Von der Goltz'un Türkiye'ye çağırılma nedeni, uzun bir yenilgiler serisi yaşamakta olan Osmanlı ordusunu eğitmek ve savaş kabiliyeti kazandırmaktı. Almanya'dan gönderilme amacı ise çok yönlüydü. Öncelikle Türk askeri ve süngüsünün Prusya eğitimi ile Rusya'ya karşı bir denge oluşturması düşünülmüştü ki, bu Bismarck'ın fikirlerine uygundu. İkinci olarak da Müslümanlar üzerinde bir Alman nüfuzu tesis ederek Rusya'nın yanı sıra Hindistan ve Mısır üzerinde İngiltere'ye karşı bir avantaj elde etmekti ki, bu da Willhelm'in politikasına uygundu. Nihayet üçüncü bir amaç da Krupp toplarını satmaktı ki, bu da genel Alman politikasına uygundu. Alman askeri heyetlerinin Türk topçu dairesini elde tutmak için on yıllar boyu gösterdiği korkunç gayret bunun ispatıydı. Kaldı ki Alman askeri heyetlerinin gelişini sadece Alman silah fabrikalarının ürünleri değil, Deutsche Bank ile Bağdat Demiryolu imtiyazı da izleyecekti... Goltz, mesleğine dar açıdan bakan bir subay değil, önemli eserleri de olan bir askeri düşünürdü. Türkiye'nin geleceğini, doğal sınırları içine çekilerek orada kuvvetlenmeye çalışmasında görüyordu.

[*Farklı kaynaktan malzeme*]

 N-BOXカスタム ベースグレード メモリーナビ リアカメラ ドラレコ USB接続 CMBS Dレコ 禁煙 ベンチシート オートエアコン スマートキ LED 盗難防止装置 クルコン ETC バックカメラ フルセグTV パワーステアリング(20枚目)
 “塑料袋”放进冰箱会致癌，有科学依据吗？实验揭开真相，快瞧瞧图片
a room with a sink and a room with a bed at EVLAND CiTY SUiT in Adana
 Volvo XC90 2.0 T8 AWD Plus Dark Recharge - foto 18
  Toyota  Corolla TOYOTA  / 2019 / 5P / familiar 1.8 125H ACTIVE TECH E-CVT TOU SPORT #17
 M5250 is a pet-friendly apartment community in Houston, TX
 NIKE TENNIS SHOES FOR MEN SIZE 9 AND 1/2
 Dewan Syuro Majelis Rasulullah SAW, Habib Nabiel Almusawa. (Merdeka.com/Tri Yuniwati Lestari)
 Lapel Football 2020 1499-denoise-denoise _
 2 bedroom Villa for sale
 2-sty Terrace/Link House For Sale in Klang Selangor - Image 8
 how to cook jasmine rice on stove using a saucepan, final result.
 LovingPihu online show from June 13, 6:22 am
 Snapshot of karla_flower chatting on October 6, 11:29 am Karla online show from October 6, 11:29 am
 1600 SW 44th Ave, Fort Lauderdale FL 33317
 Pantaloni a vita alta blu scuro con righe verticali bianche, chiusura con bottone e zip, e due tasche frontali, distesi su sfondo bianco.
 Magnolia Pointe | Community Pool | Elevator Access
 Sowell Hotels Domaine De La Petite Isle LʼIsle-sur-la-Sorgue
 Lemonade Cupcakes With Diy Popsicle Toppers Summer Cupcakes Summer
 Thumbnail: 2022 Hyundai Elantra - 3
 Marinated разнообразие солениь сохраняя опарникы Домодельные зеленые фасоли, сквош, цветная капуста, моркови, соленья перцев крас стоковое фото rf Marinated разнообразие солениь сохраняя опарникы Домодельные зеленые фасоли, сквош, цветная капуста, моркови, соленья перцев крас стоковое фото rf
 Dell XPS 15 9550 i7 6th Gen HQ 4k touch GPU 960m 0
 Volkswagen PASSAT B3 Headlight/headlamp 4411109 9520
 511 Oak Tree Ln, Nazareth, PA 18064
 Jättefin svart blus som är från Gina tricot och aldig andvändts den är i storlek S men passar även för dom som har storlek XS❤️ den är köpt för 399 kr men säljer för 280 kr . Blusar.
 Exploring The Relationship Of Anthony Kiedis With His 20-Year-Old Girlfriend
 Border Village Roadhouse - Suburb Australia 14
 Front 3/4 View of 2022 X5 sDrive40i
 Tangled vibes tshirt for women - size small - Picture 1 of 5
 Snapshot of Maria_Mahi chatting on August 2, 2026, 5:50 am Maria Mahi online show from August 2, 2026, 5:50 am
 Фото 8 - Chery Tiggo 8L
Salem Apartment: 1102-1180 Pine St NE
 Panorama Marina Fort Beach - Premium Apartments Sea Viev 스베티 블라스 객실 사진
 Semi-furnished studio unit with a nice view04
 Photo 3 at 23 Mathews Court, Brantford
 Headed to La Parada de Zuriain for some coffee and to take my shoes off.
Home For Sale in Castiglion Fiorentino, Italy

Goltz, çok geniş sınırların savunulamayacağını, hudutlar daralınca bunun kolaylaşacağını söylüyordu. Osmanlıların Avrupa ve Afrika'da, Anadolu'da olduğu kadar kökleşemediklerini, İstanbul'un da gevşetici havasından dolayı 'başkent' olmaya uygun bulunmadığını ifade ediyordu. Ona göre başkent Konya veya Kayseri, hatta Halep olabilirdi. (Konya ve Kayseri'nin Kurtuluş Savaşı'nda düşünülmesinde Goltz'un etkisi yok muydu?)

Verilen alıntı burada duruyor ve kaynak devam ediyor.